A Kenyan national, Khalima Abdalla, has been arrested in Uganda for human trafficking.

According to a release by the police Deputy Spokesperson Polly Namaye, Ms Abdallah, a resident of Makindye Division in Kampala is suspected of using her company in 2015 to recruit people for the benefit of employment in countries like Saudi Arabia and United Arab Emirates (Dubai) as housekeepers and cleaners, contrary to section 3 (I) of the Prevention of Trafficking Act.

The operation to arrest Ms Abdallah was carried out in partnership with Kyampisi Child Ministries, a local NGO, and cases have been preferred against her and ‘others still at large’.

In the release Ms Namaye said police at the Special Investigations Division (SID) Kireka received communication of sexual harassment, assault, denial of payment and abuse of the girls taken by Ms Abdalla’s company.

Subsequently, 34 girls were intercepted and denied travel to the Middle East, while over 100 passports, ‘fraudulently acquired’, were also confiscated from the office of the suspected traffickers. By press time it was not possible to establish how the passports were acquired.

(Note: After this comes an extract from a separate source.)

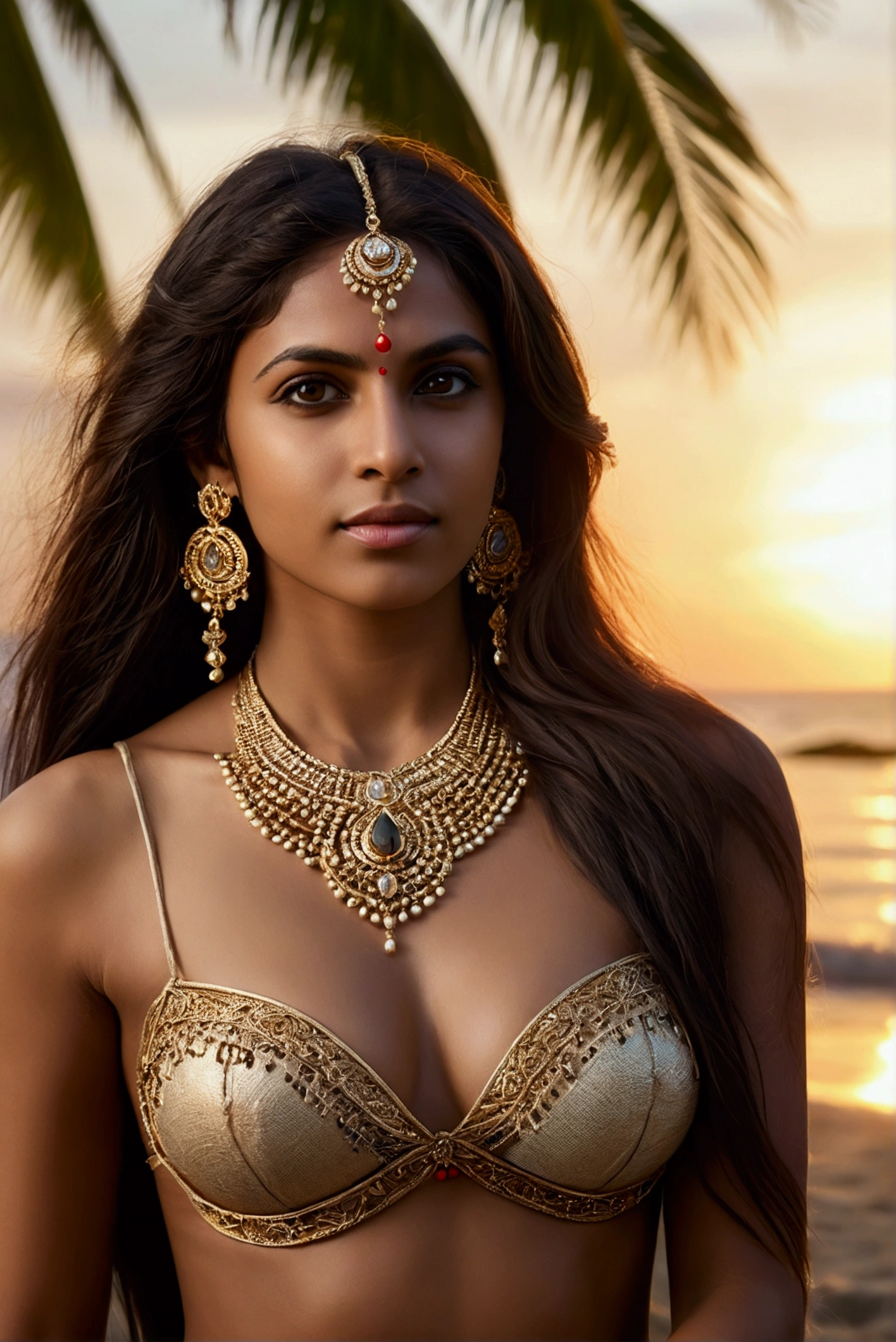 side topless portrait of A confident-looking indian woman, in kamasutra cowgirl pose, princess with long flowing hair, hazel eyes, designer jewellery, visible c-cup breast, sitting on beach, coconut tree background, bokeh, sunset time, perfect composition, hyperrealistic, super detailed, 8k, high quality, trending art, trending on artstation, sharp focus, photo shoot, intricate details, highly detailed, art by greg rutkowski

Meanwhile, According to Kyampisi Childcare Ministries, ‘so many girls that were trafficked are still stranded in the middle east countries’.

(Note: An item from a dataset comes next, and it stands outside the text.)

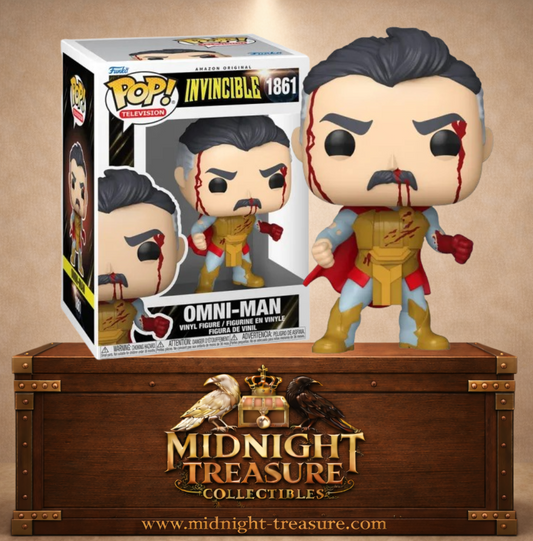 Funko Pop! Invincible N°1861 – Omni-Man version ensanglantée avec costume Viltrumite couvert de sang. Une figurine fidèle parfaite pour les fans d’Invincible.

In the wake of several complaints related to human trafficking to the Middle East, about a week ago the Minister of Gender, Labour and Social Development Wilson Mukasa Muruli, wrote to the Ministry of Foreign Affairs in Kampala, informing the officials of the cancellation of a labour export agreement signed between Uganda and Saudi Arabia last year.

“You may be aware that the ministry on 7th January 2015 signed an agreement with the Ministry of Labor in Saudi Arabia regarding employment of domestic workers from to Saudi Arabia. The two countries also agreed on a standard employment contract which shall govern the employment in Saudi Arabia of Ugandan domestic workers or household service workers and which shall be followed by all employers and Ugandans in Saudi Arabia,” Muruli’s release to the foreign affairs ministry, states in part.